Bagaimana caranya memanipulasi ekspresi? Bisakah tolong ajarkan kepada saya agar dapat melakukannya dengan baik. Mengapa harus demikian? Contohkan saja suatu ketika kita berada di dalam situasi yang luar biasa bad-mood, tengah bersedih, marah, galau, cemas, patah hati dan diliputi berbagai emosi negatif lainnya, dan pada saat yang bersamaan kita harus berinteraksi dengan orang lain bahkan harus berbaur di dalam suatu pertemuan yang dihadiri oleh banyak orang.

Haruskah kita menunjukkan wajah muram kita, memberi tau seisi dunia bahwa kita tengah bermasalah, lalu merusak suasana? Oh Tuhan, jangan sampai. Oleh karenanya saya salut sekali pada orang-orang yang meski tengah memiliki masalah yang rumit, kacau suasana hatinya namun tetap bisa tersenyum ramah dan berkomunikasi dengan baik dengan orang-orang di sekitarnya.

Memang sih, terkadang terkesan seolah sedang memakai topeng. Tetapi menyebarkan emosi negatif itu kan juga tidak perlu, menurut saya malah tidak boleh. Lalu, apakah di saat kita tengah diliputi awan gelap, sebaiknya mengasingkan diri atau sekalian mengurung diri saja di kamar? Menyedihkan sekali rasanya. Mengontrol diri dan ekspresi oleh karenanya menjadi kemampuan yang sepertinya harus kita miliki jika ingin tetap berinteraksi dengan pantas. 

Pernah mendengar teori sosiologi yang dipopulerkan oleh Erving Goffman mengenai ‘Dramaturgi’ yang menggambarkan dan menganalogikan interaksi sosial yang dilakukan manusia adalah ibarat aksi teatrikal, dimana terdapat aktor, front stage, back stage. Pada umumnya, orang akan mempertujukkan gambaran idealis mengenai diri mereka sendiri di depan umum, dan tanpa terelakkan mereka merasa bahwa mereka harus menyembunyikan sesuatu dalam perbuatan mereka. Goffman berasumsi hal ini dilakukan karena pada saat berinteraksi, aktor ingin menampilkan perasaan diri yang dapat diterima oleh orang lain. Oleh karenanya aktor harus memiliki kemampuan yang baik dalam mendefinisikan situasi sebelum menampilkan suatu tindakan dan ekspresi tertentu. Goffman juga menyatakan di dalam karyanya Presentation of Self in Daily Life mengenai seni mengelola kesan.
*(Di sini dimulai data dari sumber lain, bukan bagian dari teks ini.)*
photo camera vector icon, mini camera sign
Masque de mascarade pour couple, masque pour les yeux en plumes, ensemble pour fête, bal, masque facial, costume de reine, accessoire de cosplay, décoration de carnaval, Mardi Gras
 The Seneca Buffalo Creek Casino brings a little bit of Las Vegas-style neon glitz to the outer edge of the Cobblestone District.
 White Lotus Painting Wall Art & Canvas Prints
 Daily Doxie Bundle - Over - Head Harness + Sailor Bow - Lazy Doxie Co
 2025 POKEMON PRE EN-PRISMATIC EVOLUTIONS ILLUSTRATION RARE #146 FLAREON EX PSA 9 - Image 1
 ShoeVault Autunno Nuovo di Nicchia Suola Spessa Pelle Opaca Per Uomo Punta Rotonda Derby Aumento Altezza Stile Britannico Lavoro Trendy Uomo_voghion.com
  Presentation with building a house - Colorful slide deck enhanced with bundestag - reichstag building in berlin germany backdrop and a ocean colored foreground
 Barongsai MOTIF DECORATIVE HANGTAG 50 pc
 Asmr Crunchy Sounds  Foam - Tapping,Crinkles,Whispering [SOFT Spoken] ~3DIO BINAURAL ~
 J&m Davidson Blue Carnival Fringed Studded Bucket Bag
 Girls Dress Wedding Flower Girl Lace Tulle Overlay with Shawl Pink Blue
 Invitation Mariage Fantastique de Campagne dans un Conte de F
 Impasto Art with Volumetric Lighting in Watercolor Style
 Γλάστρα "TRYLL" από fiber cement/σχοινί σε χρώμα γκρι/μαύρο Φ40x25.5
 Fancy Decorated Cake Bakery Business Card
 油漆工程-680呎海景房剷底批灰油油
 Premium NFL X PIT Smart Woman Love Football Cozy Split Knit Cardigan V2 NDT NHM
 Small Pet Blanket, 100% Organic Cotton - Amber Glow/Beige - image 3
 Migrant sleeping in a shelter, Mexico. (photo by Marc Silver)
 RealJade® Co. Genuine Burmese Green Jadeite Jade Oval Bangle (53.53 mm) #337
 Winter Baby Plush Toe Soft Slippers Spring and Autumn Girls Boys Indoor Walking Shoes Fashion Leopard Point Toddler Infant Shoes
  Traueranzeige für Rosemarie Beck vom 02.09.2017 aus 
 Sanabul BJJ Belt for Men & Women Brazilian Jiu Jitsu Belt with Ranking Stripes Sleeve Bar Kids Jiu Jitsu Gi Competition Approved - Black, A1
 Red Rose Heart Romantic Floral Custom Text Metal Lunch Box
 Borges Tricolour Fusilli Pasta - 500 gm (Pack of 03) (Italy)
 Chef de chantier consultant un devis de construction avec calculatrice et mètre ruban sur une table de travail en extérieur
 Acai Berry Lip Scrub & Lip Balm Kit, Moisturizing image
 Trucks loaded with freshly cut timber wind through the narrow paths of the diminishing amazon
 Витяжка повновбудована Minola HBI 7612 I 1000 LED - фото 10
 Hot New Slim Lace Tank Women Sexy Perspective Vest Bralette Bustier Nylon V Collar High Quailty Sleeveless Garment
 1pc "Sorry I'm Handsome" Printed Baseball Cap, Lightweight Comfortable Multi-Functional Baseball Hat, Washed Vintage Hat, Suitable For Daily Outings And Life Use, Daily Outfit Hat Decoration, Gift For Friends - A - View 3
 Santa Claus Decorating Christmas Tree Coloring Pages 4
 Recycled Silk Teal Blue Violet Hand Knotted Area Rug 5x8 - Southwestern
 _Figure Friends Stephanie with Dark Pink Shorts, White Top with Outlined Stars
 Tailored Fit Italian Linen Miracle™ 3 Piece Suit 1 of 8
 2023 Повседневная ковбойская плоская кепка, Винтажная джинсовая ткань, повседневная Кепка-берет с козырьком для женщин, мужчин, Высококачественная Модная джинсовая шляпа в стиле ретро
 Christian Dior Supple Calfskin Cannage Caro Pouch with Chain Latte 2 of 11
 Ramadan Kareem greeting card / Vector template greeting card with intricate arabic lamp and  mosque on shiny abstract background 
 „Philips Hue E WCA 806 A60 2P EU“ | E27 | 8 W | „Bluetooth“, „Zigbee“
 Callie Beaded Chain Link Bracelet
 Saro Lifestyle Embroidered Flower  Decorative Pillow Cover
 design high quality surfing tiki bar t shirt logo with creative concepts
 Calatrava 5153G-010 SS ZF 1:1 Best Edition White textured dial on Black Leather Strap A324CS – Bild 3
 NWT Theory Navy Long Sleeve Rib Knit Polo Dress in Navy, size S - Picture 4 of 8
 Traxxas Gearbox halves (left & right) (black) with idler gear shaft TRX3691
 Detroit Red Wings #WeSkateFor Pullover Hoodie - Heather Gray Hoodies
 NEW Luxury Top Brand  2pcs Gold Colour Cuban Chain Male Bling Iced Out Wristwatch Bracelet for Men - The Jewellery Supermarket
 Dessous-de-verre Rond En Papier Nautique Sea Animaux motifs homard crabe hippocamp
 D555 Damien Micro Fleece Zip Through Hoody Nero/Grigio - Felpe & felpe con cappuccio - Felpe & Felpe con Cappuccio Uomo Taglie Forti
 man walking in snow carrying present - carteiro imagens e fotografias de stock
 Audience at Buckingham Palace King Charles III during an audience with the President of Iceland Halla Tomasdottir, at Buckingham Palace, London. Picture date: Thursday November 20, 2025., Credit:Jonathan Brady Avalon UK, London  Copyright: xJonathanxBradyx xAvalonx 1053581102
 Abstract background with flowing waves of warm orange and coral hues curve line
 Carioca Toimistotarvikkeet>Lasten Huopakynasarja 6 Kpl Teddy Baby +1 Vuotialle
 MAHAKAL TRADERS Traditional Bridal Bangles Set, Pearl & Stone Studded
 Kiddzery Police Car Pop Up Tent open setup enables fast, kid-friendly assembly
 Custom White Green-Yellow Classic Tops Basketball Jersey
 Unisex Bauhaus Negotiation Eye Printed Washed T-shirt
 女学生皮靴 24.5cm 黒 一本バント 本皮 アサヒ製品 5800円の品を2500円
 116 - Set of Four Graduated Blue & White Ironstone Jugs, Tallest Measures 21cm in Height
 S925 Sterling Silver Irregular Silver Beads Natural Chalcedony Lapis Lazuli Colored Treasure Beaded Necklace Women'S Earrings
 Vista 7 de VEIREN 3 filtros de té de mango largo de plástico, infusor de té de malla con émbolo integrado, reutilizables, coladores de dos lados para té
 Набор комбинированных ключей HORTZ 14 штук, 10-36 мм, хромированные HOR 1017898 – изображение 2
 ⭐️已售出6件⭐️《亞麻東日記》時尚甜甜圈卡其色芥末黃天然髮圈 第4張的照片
Pada umumnya, pengelolaan kesan mengarah pada kehati-hatian terhadap serentetan tindakan yang tidak diharapkan, seperti gerak-isyarat yang tidak diharapkan, gangguan yang tidak menguntungkan dan kesalahan bicara atau bertindak maupun tindakan yang diharapkan seperti tengah membuat adegan. Dalam hal ini, penonton perlu untuk dijadikan bahan pertimbangan oleh aktor dalam mengelola kesan yang berhasil (George Ritzer, 2004:298-302).

Dunia sosial memang kebanyakan seperti ini kan? Namun seperti yang dipaparkan oleh Kamanto Sunarto (2004:43) bahwa pendekatan Goffman sebenarnya mendapat kritik dari berbagai pihak karena Goffman menyajikan para pelaku dalam interaksi sebagai penipu (con artist), sebagai manipulator yang berusaha menipu atau memanipulasi peserta lain. Apakah manusia selalu bermain sandiwara? Apakah tindakan manusia tidak pernah jujur dan ikhlas ketika berhadapan dengan orang lain? Namun saya juga bertanya-tanya, apakah kita rela jika tidak diterima dan diasingkan oleh orang lain? Dan apakah semua orang yang kita hadapi pasti dapat menerima dan memahami kita dengan baik jika kita menampilkan diri apa adanya meskipun itu bertentangan dengan harapan dan situasi?